Emosi Christian langsung meledak setelah mengetahui sang kakak yang menyebabkan insiden yang terjadi di desa tersebut!

Calvin yang cemas berusaha untuk tenang, sementara pemegang saham lainnya langsung beranjak dari ruangan itu sambil ketakutan, meninggalkan suasana yang tegang dan penuh ketidakpastian."Christian, apa yang kamu lakukan? Seharusnya kamu merawat dirimu di rumah sakit," ujar Calvin dengan nada khawatir, mencoba meredakan ketegangan.

"Bajingan sepertimu hanya ingin mendapatkan posisi tertinggi. Oleh karena itu kau sengaja melakukan tindakan kekerasan terhadap warga desa sehingga ada yang meninggal dengan mengunakan namaku. Luar biasa sekali," ujar Christian sambil menahan sakit dari bekas lukanya yang baru dijahit.

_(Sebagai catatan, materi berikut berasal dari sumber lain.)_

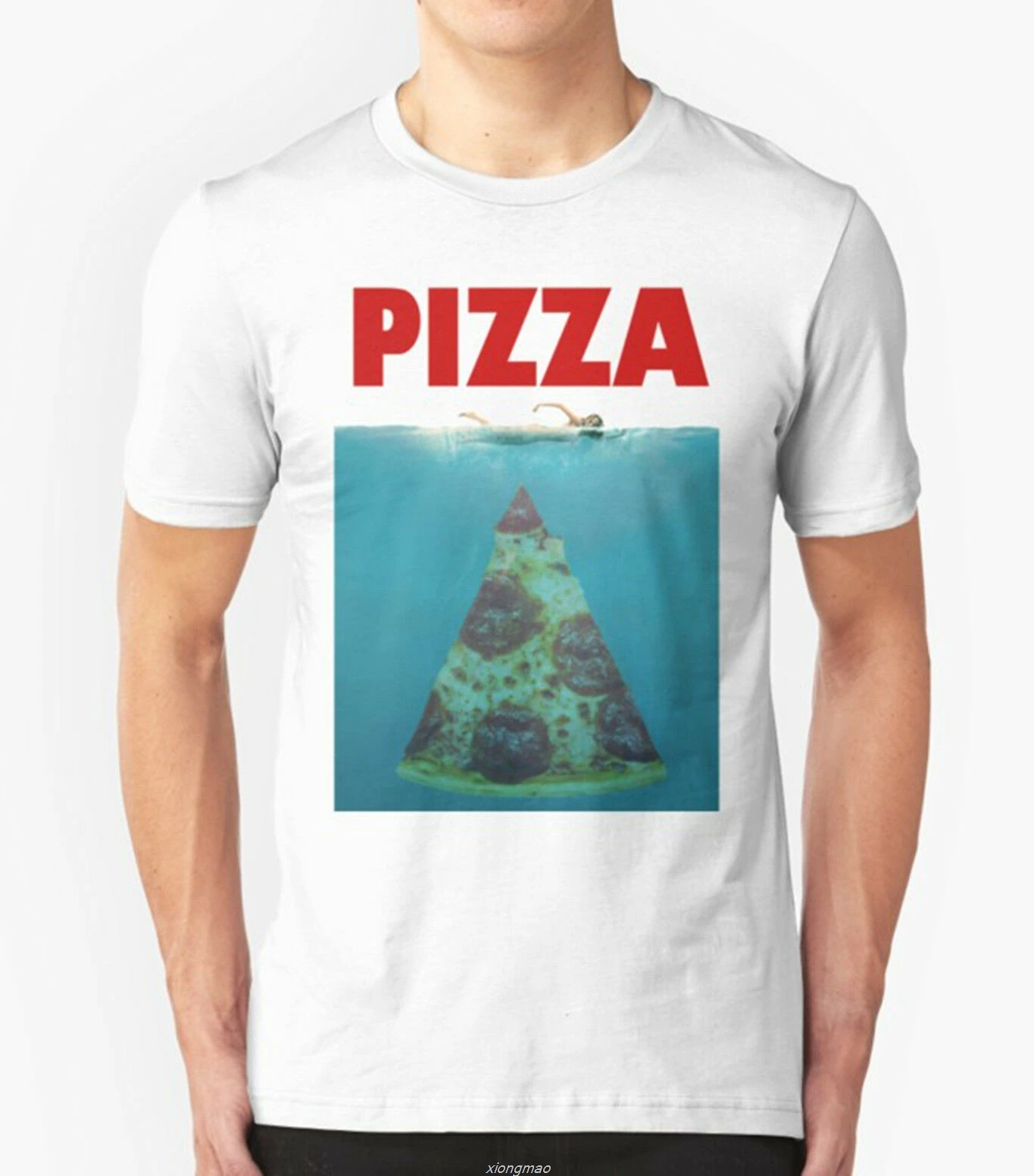 pizza jaws t shirt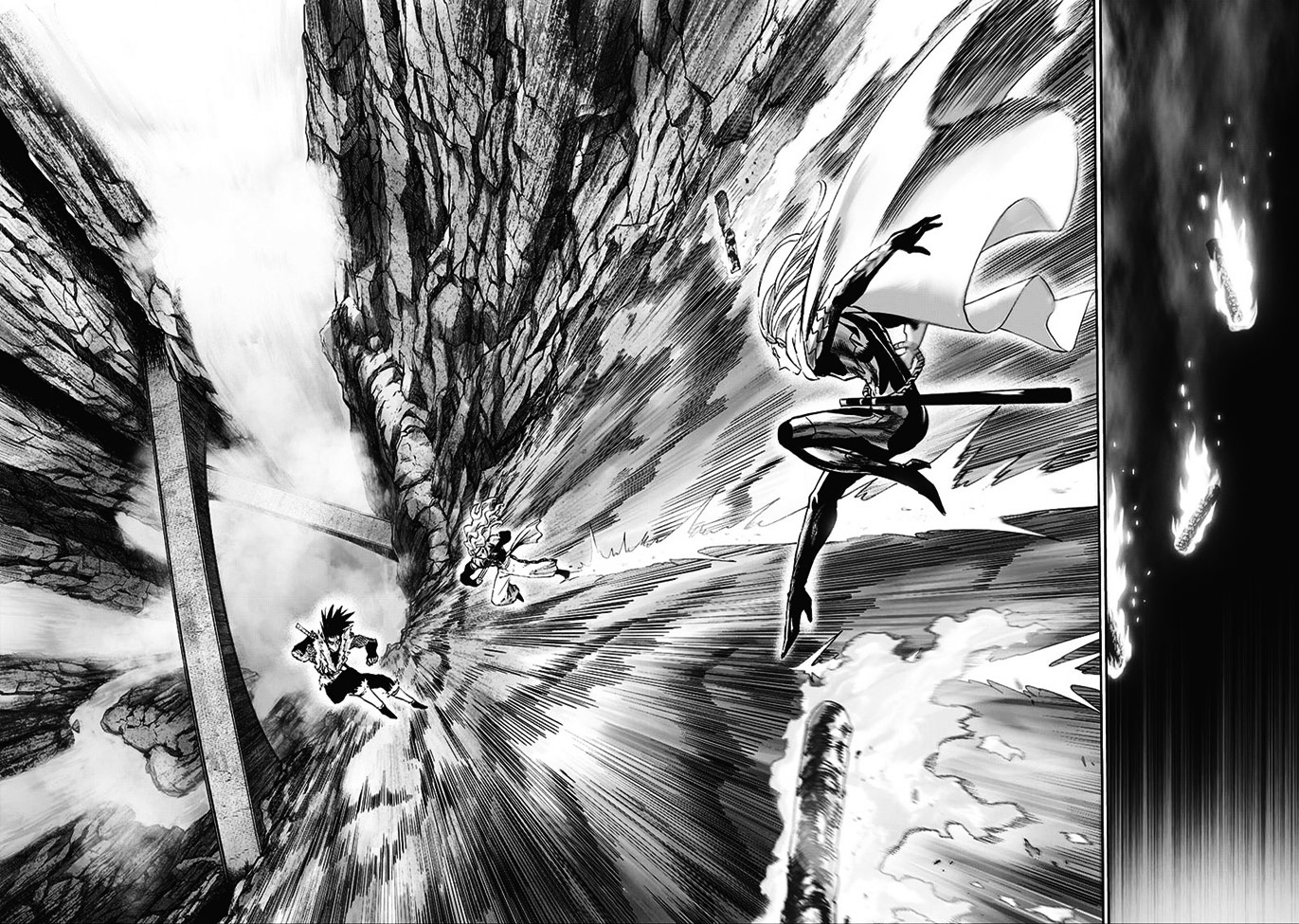 Read Tek Yumruk TR Manga Online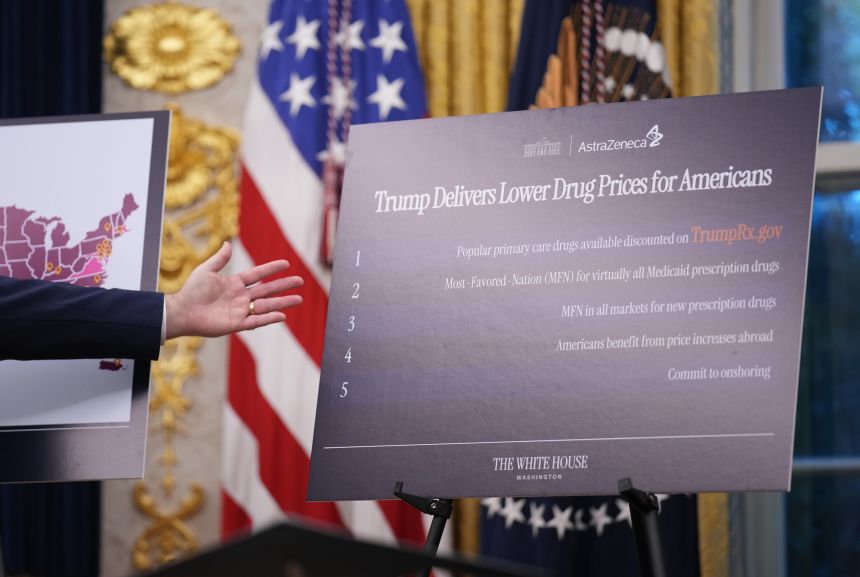 TrumpRx is a key component of President Donald Trump's efforts to lower drug prices.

"Christian, aku menggunakan namamu hanya demi kebaikanmu juga. Kalau berhasil, kamu yang dapat jasanya," kata Calvin, berusaha membela diri.

"Aku tidak butuh jasa apapun. Sudah kukatakan aku akan mengurusnya. Papa telah memberiku perintah untuk melakukannya, dan kenapa saat ini kau harus ikut campur?" jawab Christian dengan tegas, tatapannya penuh kekecewaan.

"Lebih baik kita jangan bertengkar hanya karena warga desa itu. Tidak penting sama sekali. Kita adalah adik kakak," ucap Calvin yang berusaha menenangkan adiknya.

"Kakak? Kalau kau menganggapku sebagai adikmu sendiri, maka kau tidak akan bertindak tanpa sepengetahuanku. Satu nyawa yang berusia usia 70 tahun harus meninggal sia-sia karena ulahmu, dan dirimu masih duduk di sini dengan santai," kata Christian, tatapannya semakin tajam.